Furthermore for this kernel we can observe better this behaviour from heat map for num. support vectors (look at 8) analysis)


In [None]:
# code for support vector analysis

def sv_analysis_rbf(df):
    hyper_pars = df[['param_C', 'param_gamma']].values
    n_support = []
    model_list = []
    sv_matrix = []

    for j in range(len(hyper_pars)):
        svc = SVC(
            C = hyper_pars[j][0],

            kernel='rbf',

            gamma = hyper_pars[j][1], 

            shrinking = False
        )
        svc.fit(dataset[monk][i][0], dataset[monk][i][1])

        sv_matrix.append(np.array([

                hyper_pars[j][0], 
                hyper_pars[j][1], 
                svc.n_support_.sum()/N[monk]
            ]))
        model_list.append(svc)

    sv_matrix =pd.DataFrame(np.array(sv_matrix))
    sv_matrix = sv_matrix.rename(mapper={0:'param_C', 1:'param_gamma', 2:'fsv'}, axis=1)
    return sv_matrix, model_list

In [None]:
# 7) support vectors analysis for each cell of the grid search **by heatmap**

sv_a = sv_analysis_rbf(a_rbf)[0]

heatmap_rbf(sv_a, 'fsv')


In [None]:
# 8) among the best models(with the best validation accuracy) we select the one with the lowest nsv (number of support vector)

sv_b, model_list_b = sv_analysis_rbf(b_rbf)
rbf_final = model_list_b[np.argmin(sv_b['fsv'])] 
print('best model chosen:\n{}'.format(rbf_final))
print('number of support vectors:\n{}'.format(rbf_final.n_support_.sum()))
print('fraction of support vectors:\n{}'.format(round_it(rbf_final.n_support_.sum()/N[monk], 2)))
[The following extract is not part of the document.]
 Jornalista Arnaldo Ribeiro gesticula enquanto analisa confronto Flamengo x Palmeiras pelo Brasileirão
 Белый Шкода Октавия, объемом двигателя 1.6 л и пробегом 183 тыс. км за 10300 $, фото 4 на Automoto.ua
print('validation accuracy:\n{}'.format(round_it(b_rbf.iloc[np.argmin(sv_b['fsv'])]['mean_test_score'], 3)) )
print('test accuracy:\n{}'.format(round_it(rbf_final.score(dataset[monk][i][2], dataset[monk][i][3]), 3)) )


In [None]:
# 9) 

sv_a, sv_b = sv_analysis_rbf(a_rbf)[0], sv_analysis_rbf(b_rbf)[0]
score_var='n_support_vectors'
fix_1='param_gamma'
var_1='param_C'

plot_rbf(sv_a, sv_b, fix_1, var_1, score_var)

### Polynomial kernel

In [None]:
# 1) choice of hyperpar.'s ranges to explore

C_interval_poly = np.logspace(-3, 1, 5)
gamma_interval_poly = np.logspace(-1, 3, 5)
degree_interval = np.array(range(2, 8, 2))
coef0_interval_poly = - np.logspace(-3, 3, 7)
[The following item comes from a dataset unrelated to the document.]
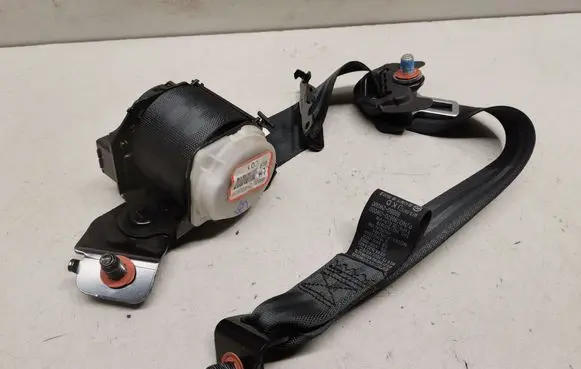 Hyundai Santa Fe Third row seat belt 898702W000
For Monk 3 setting odd values for degree cerate a lot of problems. For this reason we exploited only even values( with good performances)

In [None]:
# 2)

param_grid_poly= {
    'C': C_interval_poly, 
    
    'kernel': ['poly'],    
    
    'gamma': gamma_interval_poly, 
    'degree': degree_interval,    
    'coef0':  coef0_interval_poly,  
    'shrinking': [True]
}

In [None]:
%%time
# 3) grid search

i = 0  # 0:no data encoding, 1: yes data encoding
grid_poly = my_grid_search(param_grid_poly, i) # grid search already fitted

In [None]:
# 4) useful dataframes for next analysis

a_poly = pd.DataFrame(grid_poly.cv_results_)
b_poly = a_poly[(a_poly['rank_test_score'] == 1)]

In [None]:
# useful code for tasks 6) and 8.A)

def heatmap_poly(a, b, fix_1, fix_2, var_1, var_2, score_var):



    X = np.unique(b[[fix_1, fix_2]].values.astype(None), axis=0)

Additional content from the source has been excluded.